$49.5M

ETA-Dispatch Coordination

Grubhub2022-2023

TL;DR

Led cross-functional initiative coordinating ETA policies with the auto-dispatch algorithm. Designed multi-variate experiments balancing cost savings against user experience. Generated $49.5M in annual savings and a 10% increase in bundled orders.

My Role: Product Manager II → Senior PM

Mapped how ETA inputs affected dispatch's optimization objective function
Designed multi-variate experiment testing lever combinations across three teams
Wrote functional and technical requirements for new experiment infrastructure
Defined success criteria balancing cost savings, user experience, and care costs
Partnered with engineering to align on tech debt trade-offs and system priorities
Led final variant selection decision based on trade-off analysis

The Challenge

Grubhub's fulfillment cost per delivery was a key business metric. The math was compelling: even an average of 1 cent reduction per delivery, across 500K+ daily deliveries, compounds to massive annual savings.

The team was under pressure to hit cost reduction targets. Bundled orders—assigning multiple deliveries to one courier—were a known lever because they reduce the fulfillment cost per delivery in the bundle.
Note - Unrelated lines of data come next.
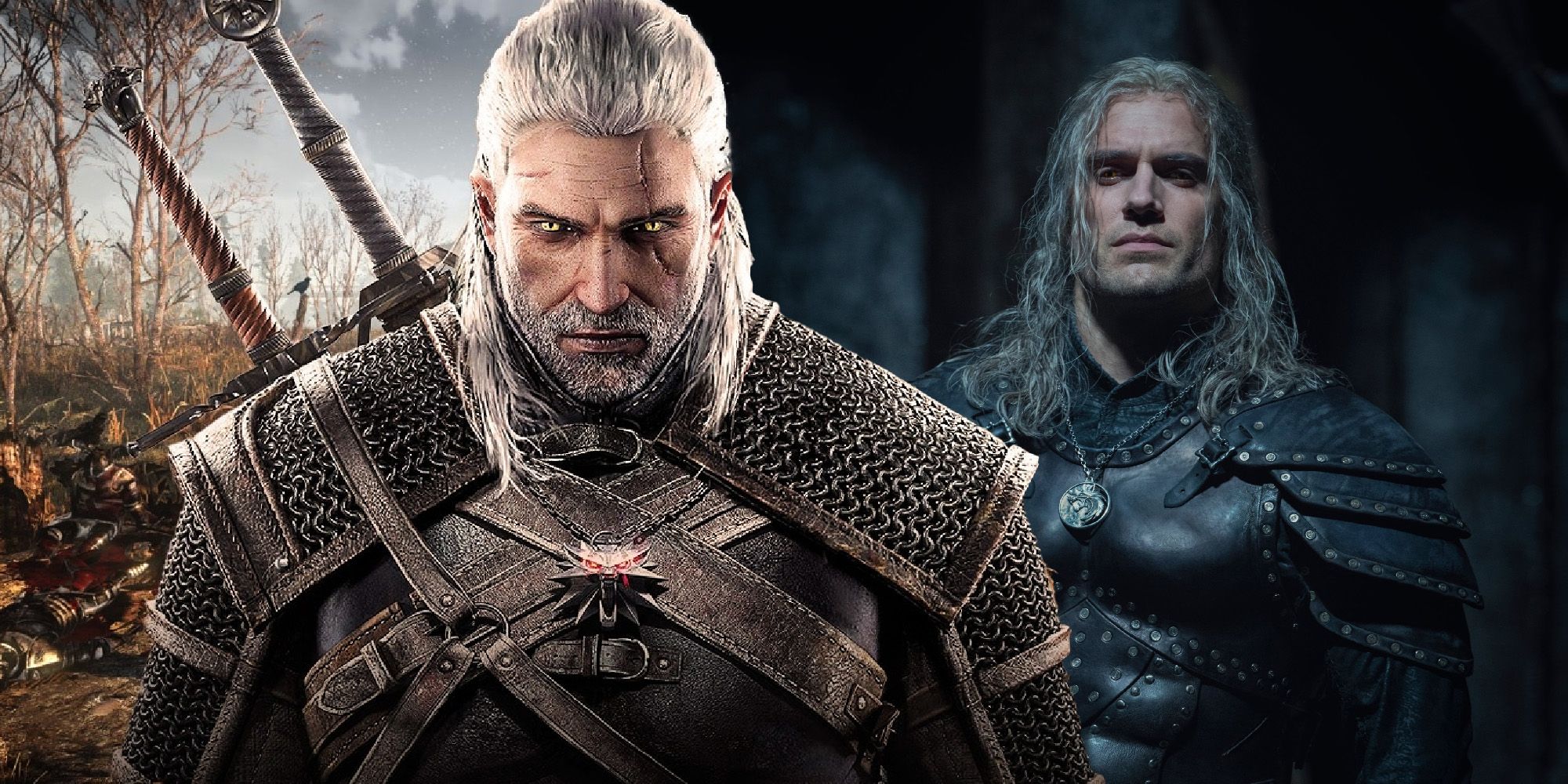 Henry Cavill Geralt the witcher game
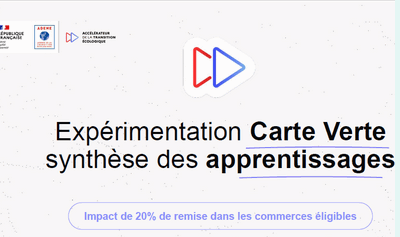 Étude – Expérimentation « Carte Verte »
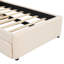 Lit plateforme tapissier avec lit gigogne, tête de lit lumineuse et port USB-1517373131-1517373121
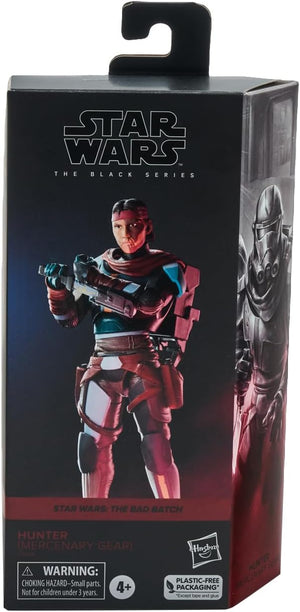 Star Wars The Black Series The Bad Batch 6 Inch Action Figure Box Art Exclusive - Hunter (Mercenary Gear)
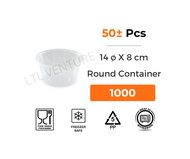 (30/50Pcs) R1000/1200/2500/3000 BIG Round Container PP Large/Disposable Plastic Food Container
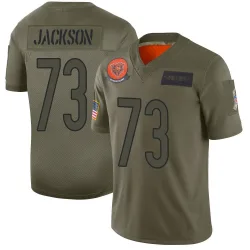 Men's Jonah Jackson Chicago Bears No.73 Limited 2019 Salute to Service Jersey - Camo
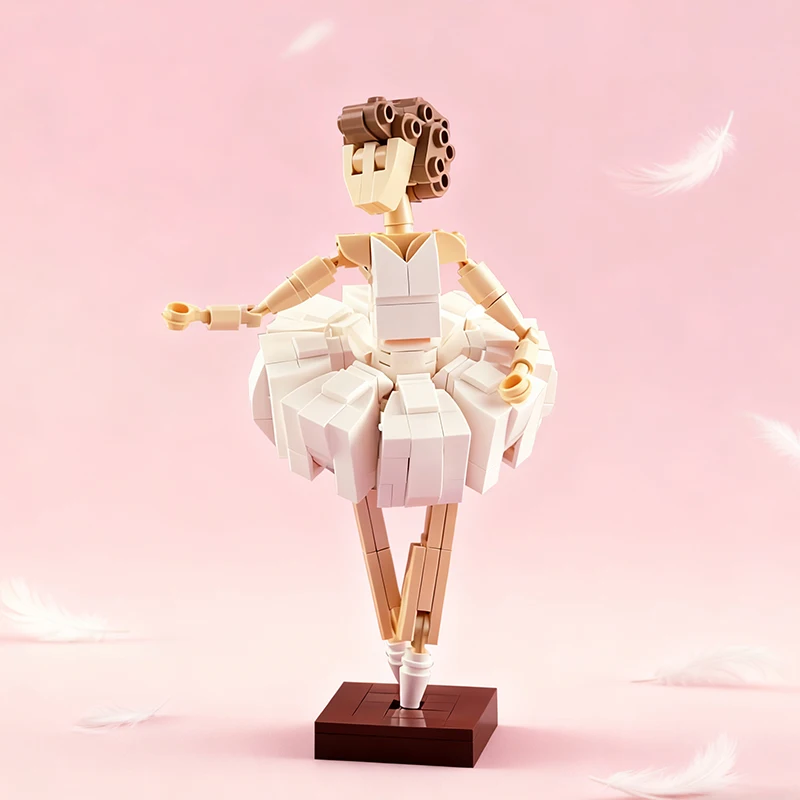 

Элегантные строительные блоки Ballerina MOC-модель куклы из АБС-пластика для девочек, детская развивающая игрушка, украшение в подарок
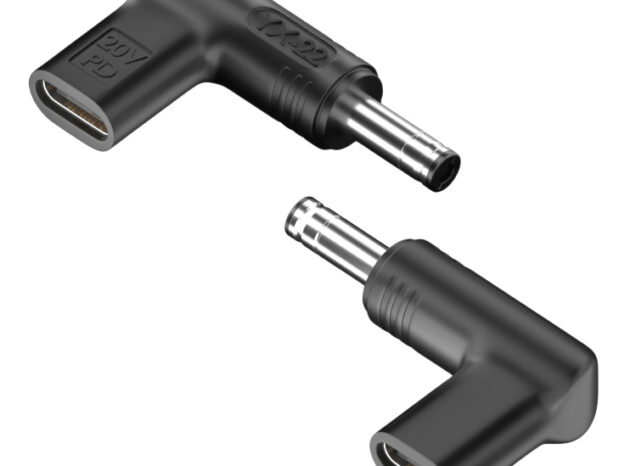 POWERTECH αντάπτορας τροφοδοσίας laptop YX-22, USB-C σε Lenovo 4x1.7mm, μαύρος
When I joined the ETA team, exploratory experiments had already suggested that longer ETAs led to more bundling. The hypothesis was intuitive: more time slack gives the dispatch system more opportunity to bundle orders together.

But "just make ETAs longer" wasn't simple. ETAs are a core input into the auto-dispatch algorithm, and changing them created cascading effects across the entire system.

Understanding the System

To identify the right solution, I first needed to understand how dispatch actually used ETAs. Auto-dispatch is a microservice that optimally assigns orders to couriers. Technically, it's a bipartite matching problem:

One side of the graph: Orders waiting for assignment
Other side: Available couriers
Edges: Decorated with distance, time to restaurant, arrival time relative to ETA, and other factors
Solver: Mixed integer programming optimizer that minimizes total cost of all assigned edges within milliseconds

Bipartite matching optimization diagram showing orders matched to couriers

The objective function factored in multiple variables, including a "lateness penalty"—a function of how late the courier would arrive relative to the promised ETA.

This was the key insight: ETAs aren't just user-facing promises—they're a core input to the optimization. If an ETA is tight, dispatch prioritizes on-time arrival, limiting flexibility. If an ETA has slack, dispatch can optimize for other objectives—like bundling orders together.

This created the opportunity: strategically adding slack to ETAs could shift dispatch behavior toward more bundling, without changing the underlying ML predictions or the dispatch algorithm itself.

The Approach

Identifying the Levers

Working with counterparts on the Dispatch and Capacity Management teams, I mapped out multiple levers:

Lever	Team	Mechanism
Extend ETAs by X minutes	ETA (my team)	Add buffer time to ML-generated ETA predictions before showing to users
Add "engaged minutes" to dispatch objective	Dispatch	New variable measuring courier time-efficiency per delivery; directly incentivizes bundling by making multi-drop routes more attractive
Capacity management intervention	Capacity	Complementary lever with smaller expected impact

The "engaged minutes" lever was particularly interesting: if dispatch minimized engaged minutes as part of its objective function, it would naturally favor bundled assignments. However, this could also reduce the algorithm's emphasis on lateness—potentially leading to more late deliveries.

Validation: Lightweight to Heavyweight

Rather than jumping straight to a large, risky experiment, we validated incrementally:

Phase 1 — Exploratory experiments:

Tested ETA extensions in isolation: measured effect on fulfillment cost per delivery
Tested dispatch objective changes separately: measured effect on lateness and bundling rates

Phase 2 — Combined multivariate experiment: After seeing promising signals, we combined levers into a single experiment. This was critical because both levers affect the network—their combined impact isn't simply additive. We needed to measure interaction effects to understand the true opportunity.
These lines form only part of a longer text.